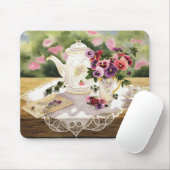 "Victoriaans thee" ~ Muismat (Met muis)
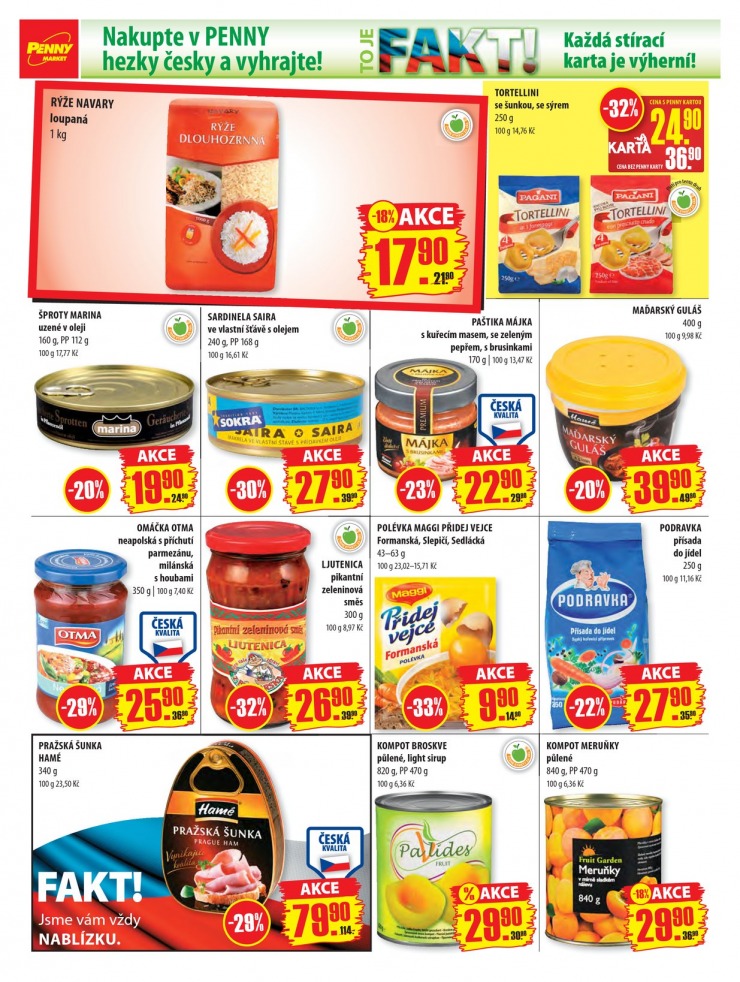 let�k Penny Aktu�ln� nab�dka od 22.1.2015 strana 1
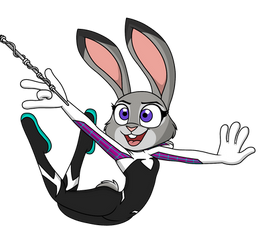 Spider-Judy Hopps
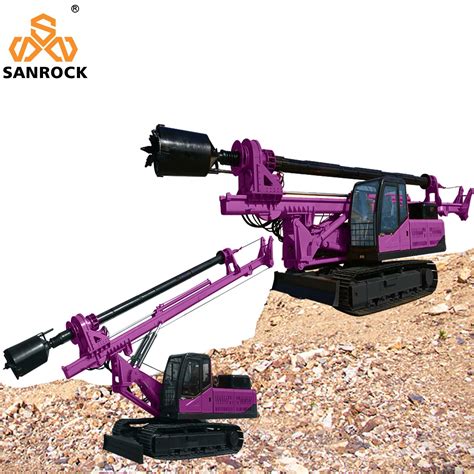 Rotary Drill Rig Construction Machine Hydraulic Rotary Drilling Rig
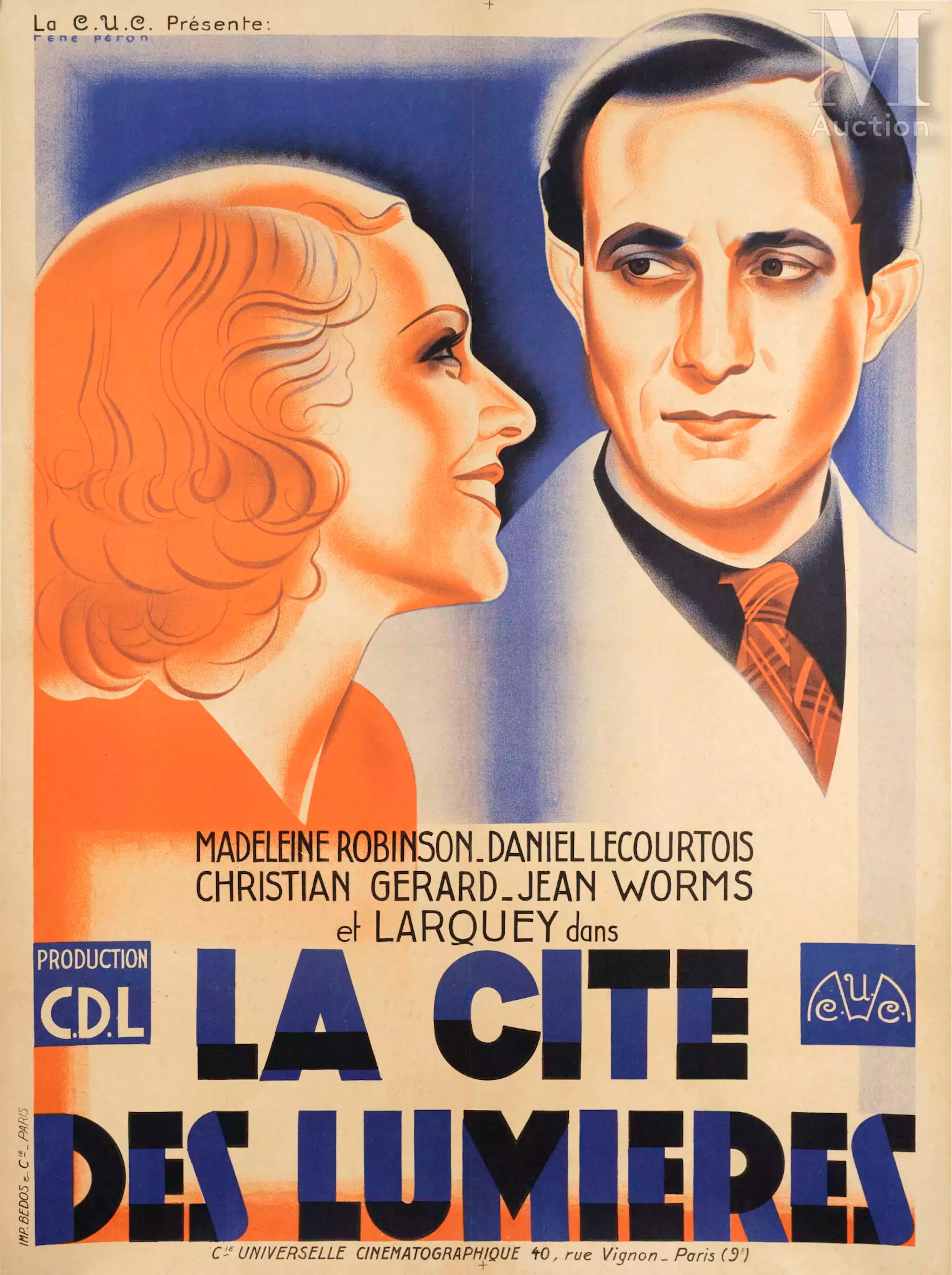 LA CITÉ DES LUMIÈRES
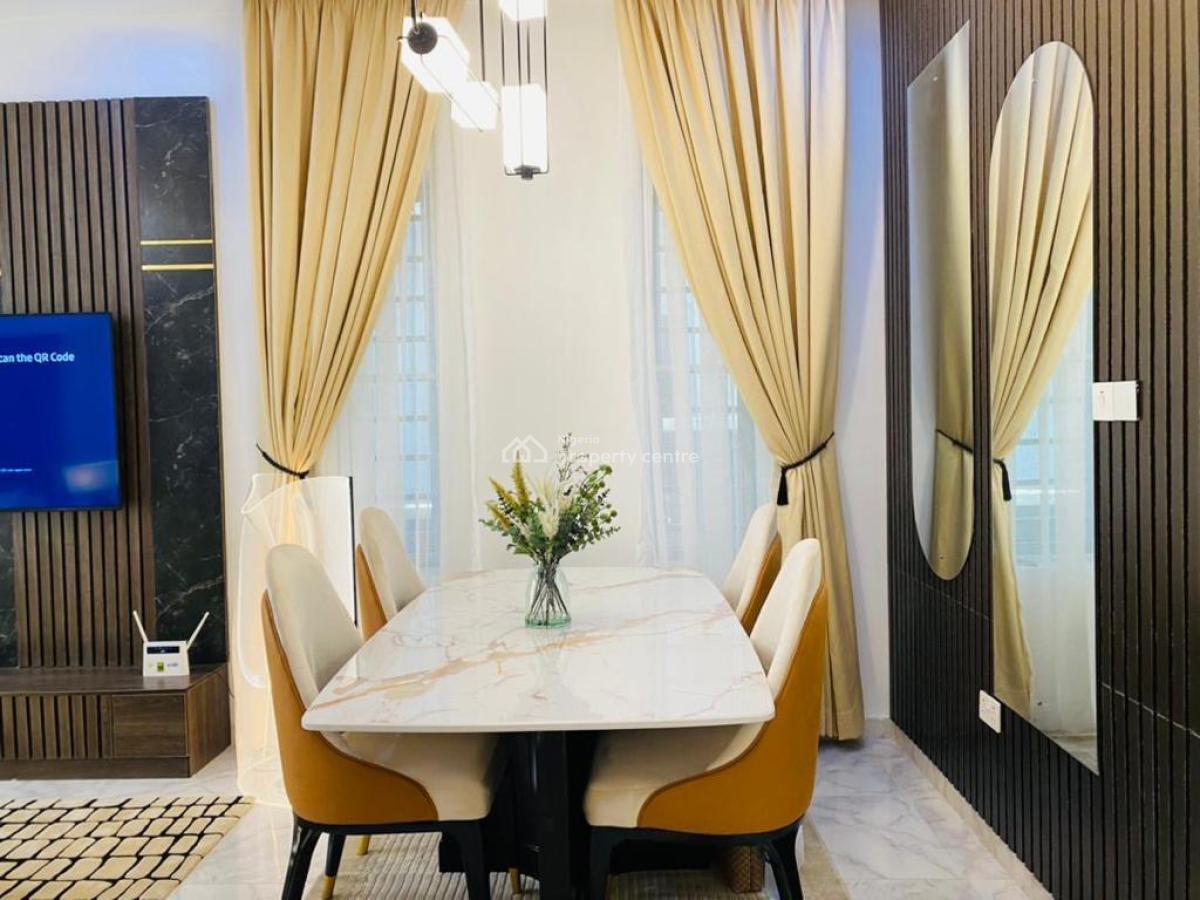 2 Bedroom Apartment with Ps5 and Clean Aesthetics Tastefully Furnished, Lekki Phase 1, Lekki, Lagos, Flat / Apartment Short Let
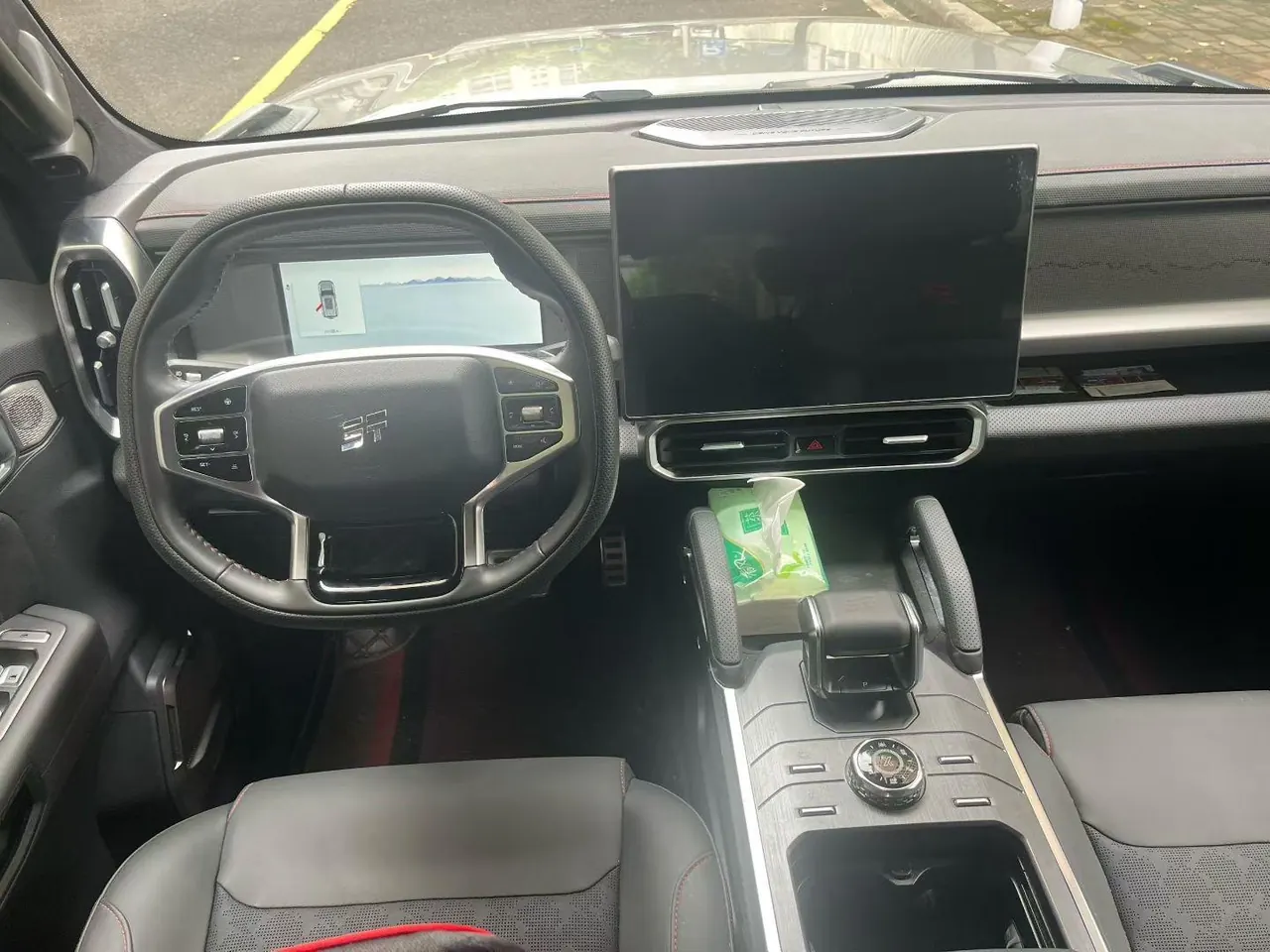 Jetour 2024 Traveler 2.0T Four-Wheel-Drive Cross-Country PRO Entertainment Version Automatic Transmission 6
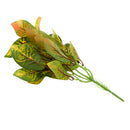 Artificial Plant Foliage Grass Silk Leaf Leaves Garden Floral 28cm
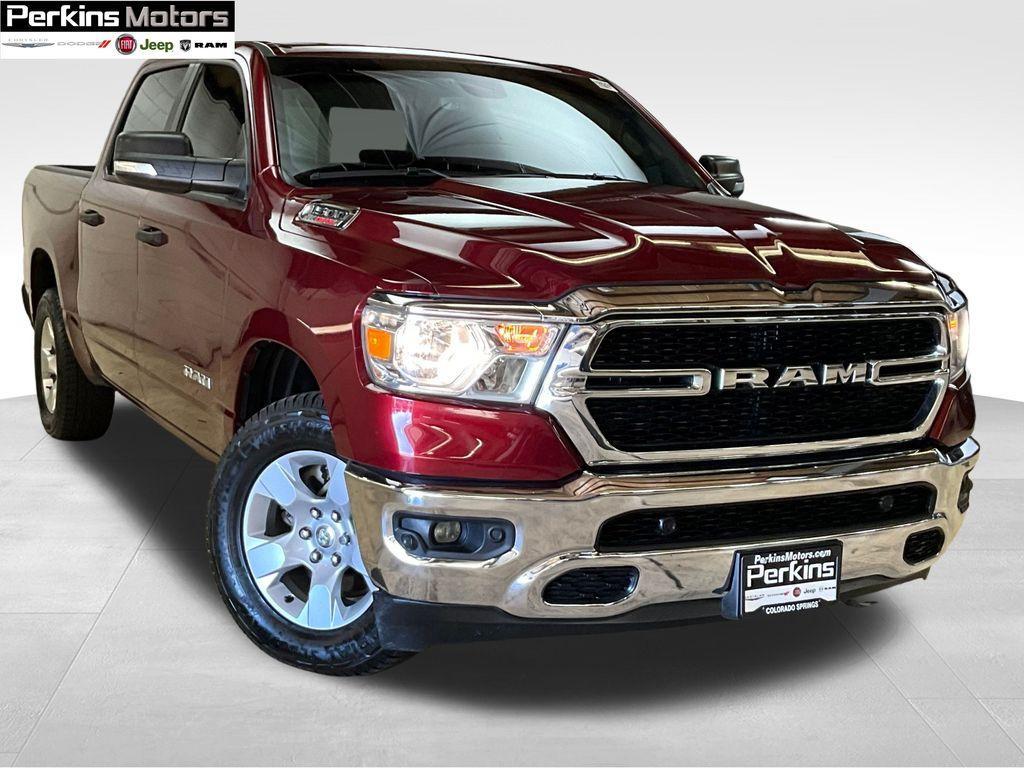 used 2023 Ram 1500 car, priced at $38,340
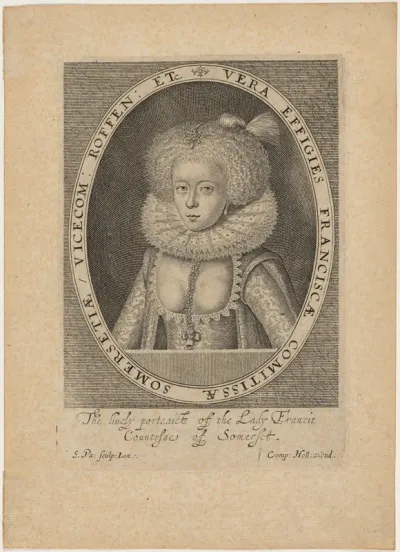 Frances, Countess of Somerset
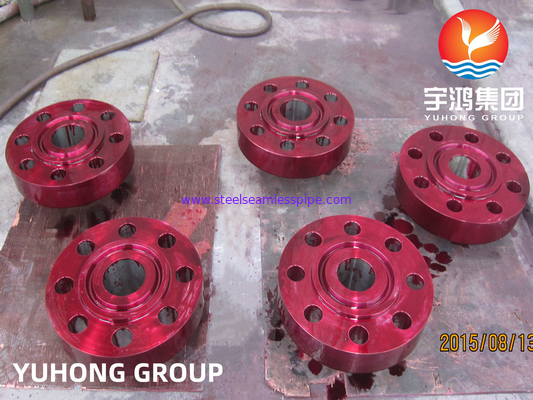 ASTM B564 인코넬 625 / UNS N06625 / DIN 2.4856 니켈 합금강 플랜지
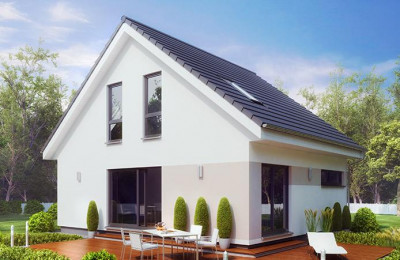 kleines Haus mit Grundstück - Opel ADAM Aktion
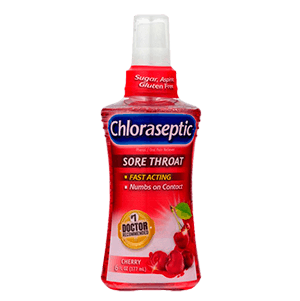 SORE THROAT SPRAY CHERRY 6 oz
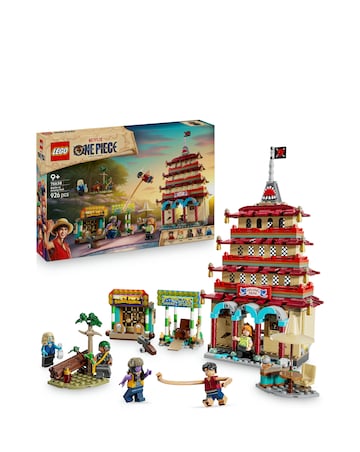 LEGO ONE PIECE Battle at Arlong Park Interactive Pirate Toy Building Set 75638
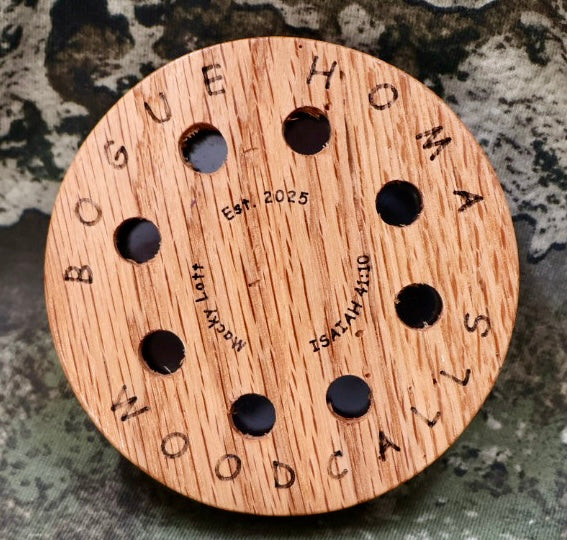 Turkey Pot Call / Pecan wood & Slate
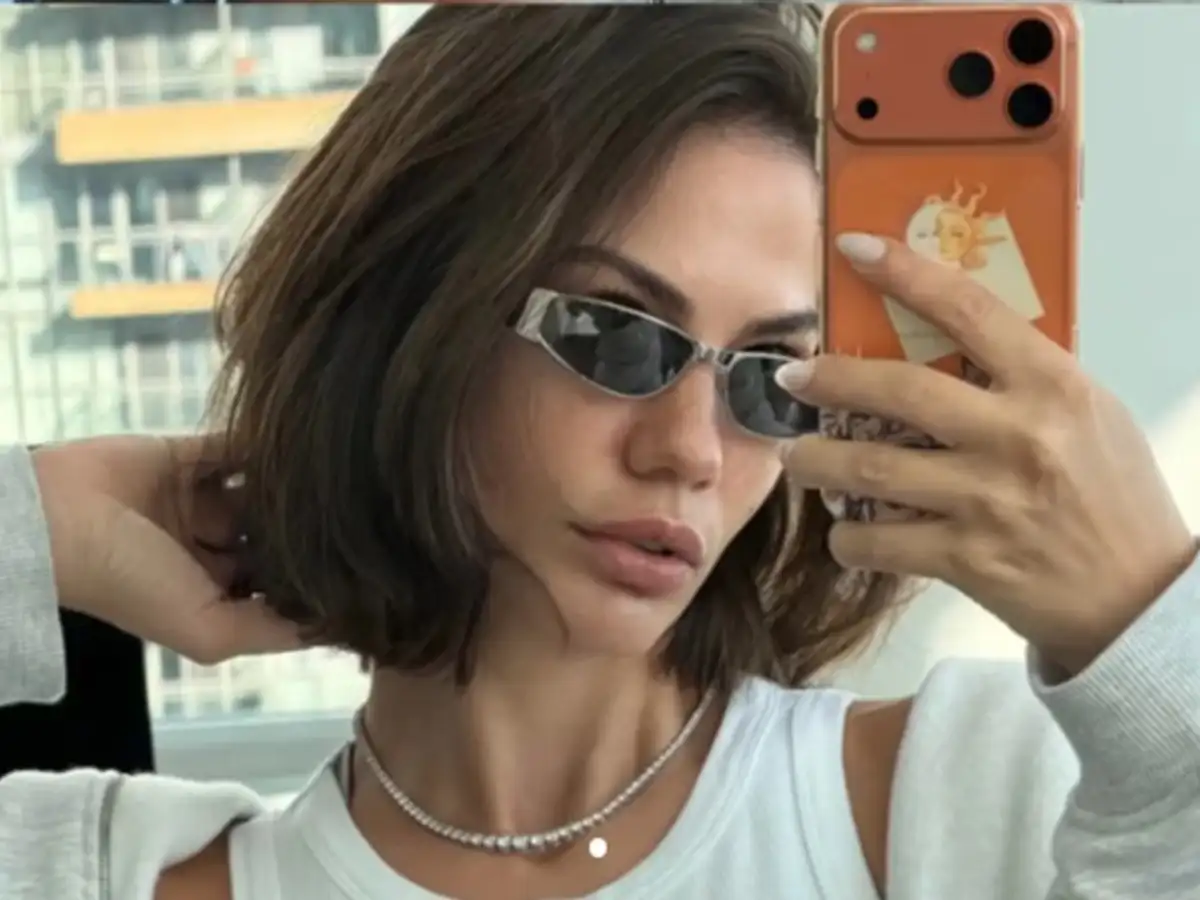 Demet Özdemir'den Radikal Adım: Uzun Saçlarına Veda Etti!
+ + +
__Instructions to follow__. Leave the images out and give the rest of the data again exactly.

__Reply to the task__.
 "Victoriaans thee" ~ Muismat (Met muis)
 let�k Penny Aktu�ln� nab�dka od 22.1.2015 strana 1
 Spider-Judy Hopps
 Rotary Drill Rig Construction Machine Hydraulic Rotary Drilling Rig
 LA CITÉ DES LUMIÈRES
 2 Bedroom Apartment with Ps5 and Clean Aesthetics Tastefully Furnished, Lekki Phase 1, Lekki, Lagos, Flat / Apartment Short Let
 Jetour 2024 Traveler 2.0T Four-Wheel-Drive Cross-Country PRO Entertainment Version Automatic Transmission 6
 Artificial Plant Foliage Grass Silk Leaf Leaves Garden Floral 28cm
 used 2023 Ram 1500 car, priced at $38,340
 Frances, Countess of Somerset
 ASTM B564 인코넬 625 / UNS N06625 / DIN 2.4856 니켈 합금강 플랜지
 kleines Haus mit Grundstück - Opel ADAM Aktion
 SORE THROAT SPRAY CHERRY 6 oz
 LEGO ONE PIECE Battle at Arlong Park Interactive Pirate Toy Building Set 75638
 Turkey Pot Call / Pecan wood & Slate
 Demet Özdemir'den Radikal Adım: Uzun Saçlarına Veda Etti!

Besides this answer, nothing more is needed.